Ce mot désigne l’évolution fondamentale que vit actuellement l’humanité. Le processus d’hominisation des primates a conduit au développement de l’intelligence. L’homme acquiert une capacité d’action raisonnée sur son environnement. Aujourd’hui, il est confronté à l’action sur sa propre vie (biotechnologies) et il a créé des objets-monde difficilement maîtrisables. Sa créativité lui donne prise sur son évolution future. « Tout dépend de nous. Et par des boucles nouvelles et inattendues, nous finissons nous-mêmes par dépendre de choses qui dépendent globalement de nous. Là, risques et chances croissent aussi vite que notre omnipotence… Comme cela ne nous arriva jamais, nous ne savons pas ce que nous devons faire de tous ces pouvoirs… Ce stade d’hominisation, je le nomme donc hominescence pour en marquer l’importance et pourtant l’adoucir par rapport à d’autres grands moments plus décisifs ; ce mot sonne comme une sorte de différentielle d’hominisation. » (Hominescence, op cit).

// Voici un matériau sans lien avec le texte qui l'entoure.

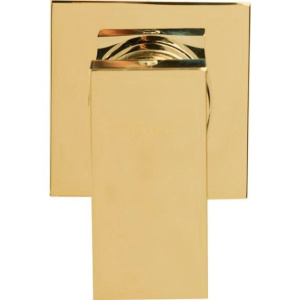 Смеситель для душа Cezares Unika DIM-03/24 С ВНУТРЕННЕЙ ЧАСТЬЮ, золото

Le vieil humanisme a échoué, une autre conscience apparaît

L’homme qui disparaît aujourd’hui avait analysé son environnement, inventé des valeurs, mais sans être capable de les respecter. « Comment cette culture dont nous pleurons la perte n’empêcha ni Rome ni la Grèce de s’écrouler avec un bruit qui retentit encore à certaines oreilles, ni l’Occident qui les remplaça de massacrer des peuples asservis et colonisés, d’exterminer femmes, pauvres, enfants, innocents, plantes, bêtes, ce qui respire et ne respire pas, et, pour finir, de détruire cette même culture dont elle tira cependant, jadis et naguère, sa justification et sa fierté ? Comment ne se sauva-t-elle pas elle-même ? » (Hominescence, op cit).

C‘est ce même humanisme qui a placé les femmes, pendant des millénaires, dans une situation de dépendance parfois proche de l’esclavage. Ecoutons Michel Serres : « Puis-je, enfin et peut-être surtout, garder la moindre confiance dans la sensibilité, la raison, le jugement, la vertu même de ces philosophes, antiques et modernes, de Platon à saint Paul et saint Augustin, de Rousseau et Kant à Schopenhauer, qui, tous et d’une seule voix, prétendent que les femmes, leurs compagnes, évidemment leurs égales, se réduisent, en gros, à des animaux inférieurs ?...Quand ils en excluent la moitié, comment écouter encore leurs bavardages arrogants sur l’humanité ? » (Hominescence, op cit).

Ainsi, nous vivons une crise de conscience, mais « une autre conscience apparaît dès que manque le silence ». Il reste à la philosophie à penser cette autre conscience.

 

Commentaires

  • Sarah
    • 1. Sarah Le 22/05/2022
    Bonjour,

    D'où est la citation: "Relier « cet arbre d’Australie avec l’Aborigène et la biochimie ; le fleuve Garonne avec mon père marinier, ignorant de mécanique des fluides », procure à ce « citoyen du monde » une « liesse quasi religieuse ». ?

    Merci!
  • dionro telro
    • 2. dionro telro Le 20/08/2016
    je suis un étudiant en master 2 en philosophie je veux comprendre le problème que traite Michel Serres dans contrat naturel.